DOMNINUS (DONNINO), a native of Parma who, according to tradition, was a chamberlain in Emperor Maximian Herculeus (A.D. 286 – 305) Milanese court and a secret convert to Christianity. When Maximian discovered the conversion, he ordered St. Domninus’ arrest. However, St. Domninus fled heading towards Rome, but was captured and beheaded on the Via Claudia (A.D. 304).
GEMINUS, patron saint of San Gemini in Umbria. He reposed circa 815.
GHISLAIN (GISLENUS, GUISLAIN), an anchorite who lived in the forest in Hainault, near present-day Mons in Belgium. As disciples gathered around him St. Ghislain built the monastery of SS. Peter and Paul, now Saint-Ghislain, where he served as abbot for about thirty-five years before reposing circa 680.
GUNTHER, Duke of Thuringia, and related to several of central European royal families, and until the age of fifty, St. Gunther enjoyed a worldly life as a member of Court. Then in 1005, he was brought to repentance by St.
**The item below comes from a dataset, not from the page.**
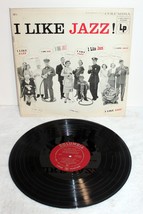 I Like Jazz  ~ 1955 Columbia JZ-1 ~ Mono LP VG+/VG+ - £7.10 GBP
Godehard of Hildesheim (4th May) and in penance for his heretofore misspent life, resolved to enter monastic life. For this reason, the following year, St. Gunther, following a pilgrimage to Rome, received monastic tonsure at Niederaltaich Abbey in Bavaria. However, his pride and worldly ambition soon reared its head and St. Gunther, against the council of St. Godehard, insisted on becoming Abbot of Göllingen Abbey in North Thüringen, which St. Gunther had endowed and retained ownership of. Needless to say, as a novice in the monastic life, he was not successful in this role, and in humility went to live as a hermit in the Bavarian Forest near the Czech border about 100 km (60 miles) east of Regensburg. In time, a community grew around him which became the Rinchnach Priory, a dependency of Niederaltaich. St. Gunther reposed at Hartmanitz (present-day Hartmanice in the Czech Republic) 1045.
LAMBERT and VALERIUS (BELLÈRE, BERIHER), disciples of St. Ghislain (vide supra) in Hainault near Mons in present-day Belgium. They reposed circa 680.
SABINUS (SAVIN), a hermit who is also known as the Apostle of the Lavedan. According to tradition, St. Sabinus was a native of Barcelona, educated at Poitiers and received monastic tonsure at Abbey of St. Martin of Ligugé in Vienne. He is believed to have reposed circa 820.